Lo spettacolo, che celebra l’artista a 70 anni dalla sua morte, è un processo immaginario a Raffaele Viviani, che mette a nudo la vita e il percorso artistico del drammaturgo, costretto a difendersi dalle accuse rivoltegli dal giudice: reo di raccontare le miserie, discreditando le politiche di governo. L’arringa dell’autore a difesa della sua innocenza, attraverso aneddoti di vita, confessioni e performance tratte dal suo repertorio, mette a nudo gli aspetti della sua eccentrica personalità.

Il dopoguerra segnò l’inizio del neorealismo, che vide in Viviani un precursore dei tempi, ma troppo tardi, l’autore ormai sopravviveva facendo l’attore di compagnia, e quando finalmente riuscì a tornare al ‘suo’ teatro, poco tempo dopo si ammalò e morì. Le voci del popolo sentenziarono: “È muort’e collera”.

Musiche e arrangiamenti sono a cura del M° Michele Bonè. Musiche originali e fonica di Peppe Bruno. Chitarre del M° Michele Bonè e Gennaro Esposito. Scenografia di Peppe Zarbo. Luci di Mario Maisto (Xelius). Trucco e parrucco di Renè Bonante (Fast Beauty). Consulenza letteraria di Maria Emilia Nardo. Grafica di Ivano La Montagna. Foto di Massimo Accarino e Pino Finizio. Costumi realizzati da Canzanella. Amministrazione gestita da Giuseppe Di Lauro. Ufficio stampa a cura di Marco Calafiore.

In occasione della messa in scena sarà presentata in anteprima assoluta l’opera di Ivano La Montagna, dal titolo “Raffaele Viviani_διάλεκτος”, con una scritta in greco, per un motivo che sarà svelato durante la presentazione, in cui si racconterà quanto l’autore Viviani si fece assorbire da uno stato di profonda intimità con il reale.

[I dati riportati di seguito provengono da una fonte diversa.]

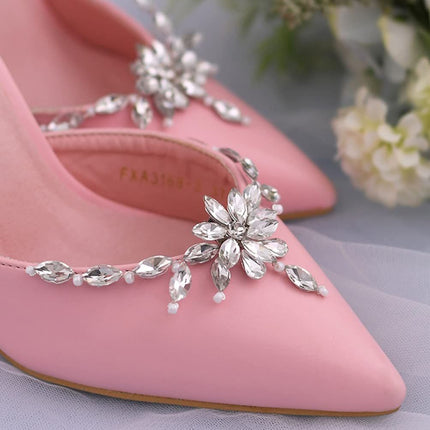 1 Pair Pearl Shoe Clips Rhinestone Crystal Bridal Shoe Buckles Decorative Flower Shoe Charms Floral Shoe Decoration for Wedding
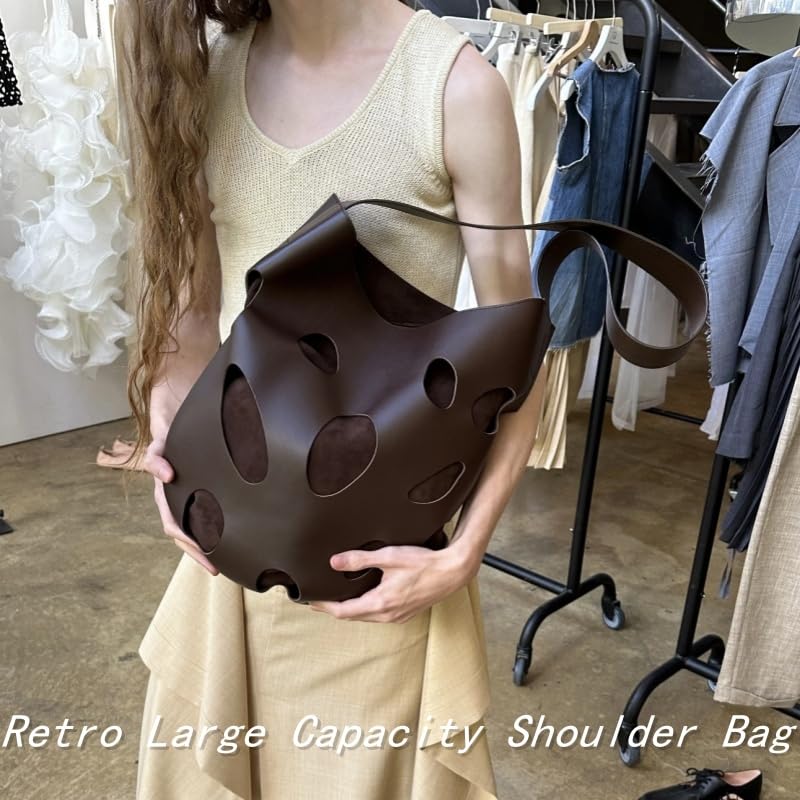 Stylish Perforated Leather Tote Bag, Retro Large Capacity Shoulder Bag, Handbag with Detachable Pouch for Daily Office3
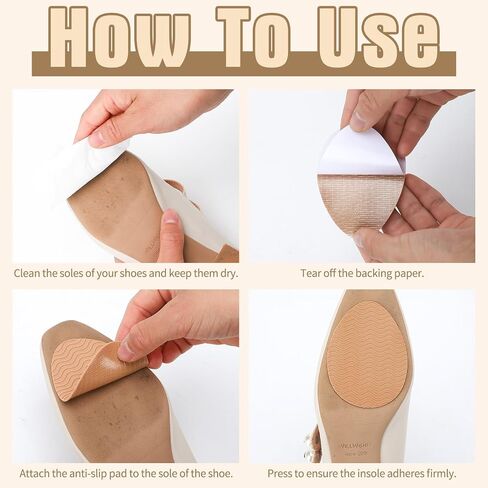 JATEBI 6 Pairs Non Slip Shoe Pads and 2 Pairs Heel Grips Combo Teardrop Sole Protectors Anti Slip Inserts for High Heels Flats Loafers Sneakers Pumps Dress Shoes Black Beige Khaki in Kuwait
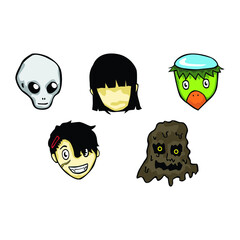 Set of Scary Monster illustration Design in Simple Color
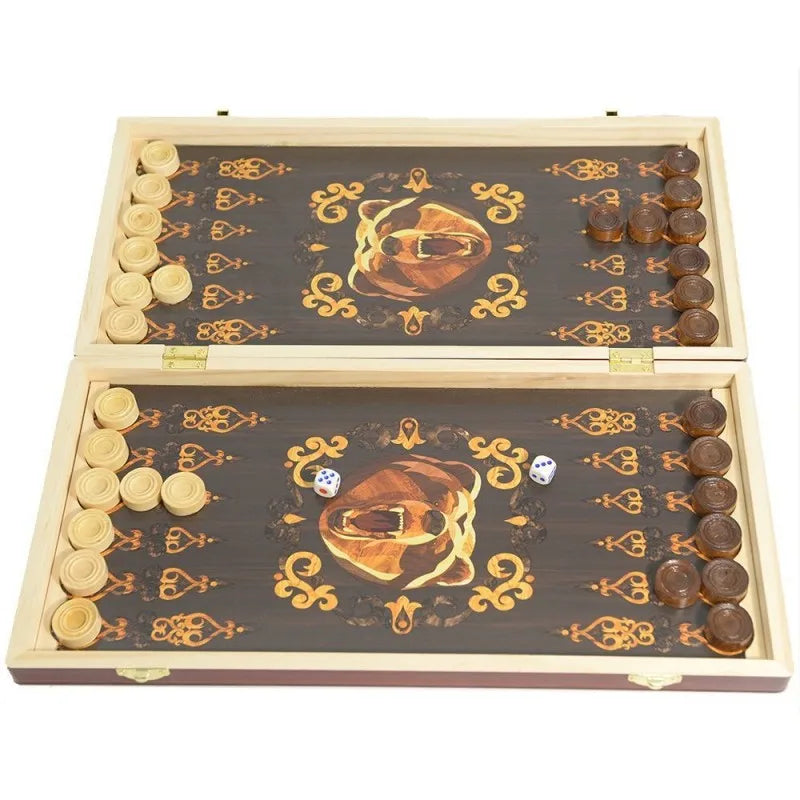 A wooden folding game board set featuring chess and checkers pieces on a dark surface with gold accents.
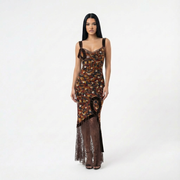 John Galliano F/W 2001 Feather print Silk & Lace Dress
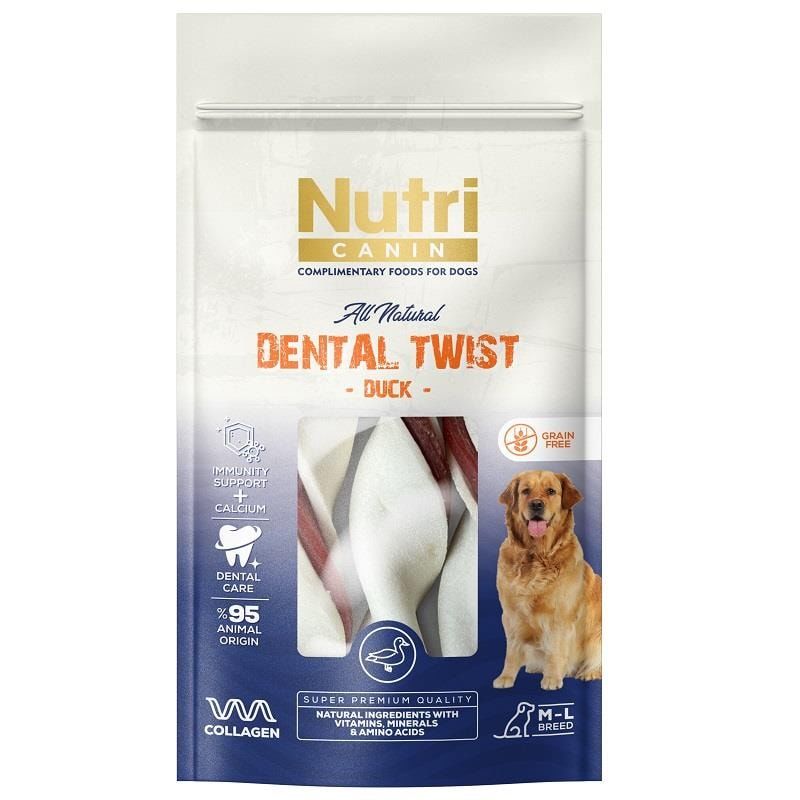 Nutri Canin Dental Twist Ördekli Köpek Ödülü S/M 80 Gr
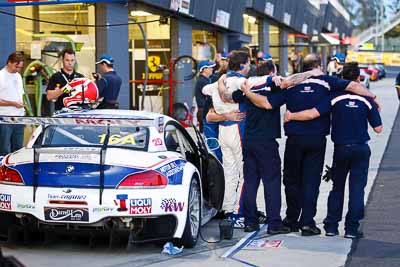 16;10-February-2013;16;Australia;BMW-Z4-GT3;Bathurst;Bathurst-12-Hour;Grand-Tourer;Kristian-Poulsen;LIQUI-MOLY-Team-Engstler;Mt-Panorama;NSW;New-South-Wales;atmosphere;auto;crew;endurance;group;morning;motorsport;pitlane;racing;sunrise;team;telephoto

Nota del regista Corrado Ardone.

Verso la seconda metà degli anni Trenta lo strepitoso successo degli spettacoli della compagnia Viviani cominciava a scemare. Erano gli anni del regime rampante. Si è molto parlato dell’avversione del regime fascista e della lotta al dialetto, in realtà il teatro di Viviani, basato spesso sulla realistica rappresentazione della miseria, non era funzionale alla propaganda di regime. Ma fu soprattutto il pubblico, composto di nuovi ricchi, desideroso di grandeur e di rassicurazioni, a decretare l’ostracismo per un teatro che metteva scomodamente a nudo le realtà più drammatiche della convivenza umana. Con queste premesse, il nuovo pubblico borghese, infastidito dagli ‘stracci’, disertò le sale dove recitava. Lo accusavano di portare in giro le ‘vergogne d’Italia’.

Viviani ormai non faceva più gli incassi di una volta e quindi gli impresari lo relegarono sempre più in teatri periferici e secondari. L’autore si trovò a dover lottare per non far scomparire il suo teatro, che fin dal 1937 il fascismo, e per esso Nicola De Pirro, a capo della direzione generale del teatro, aveva deciso di squalificare culturalmente, cominciando a escluderlo dalle piazze più importanti e dai teatri più popolari. In seguito il teatro dialettale venne escluso anche dagli aiuti statali.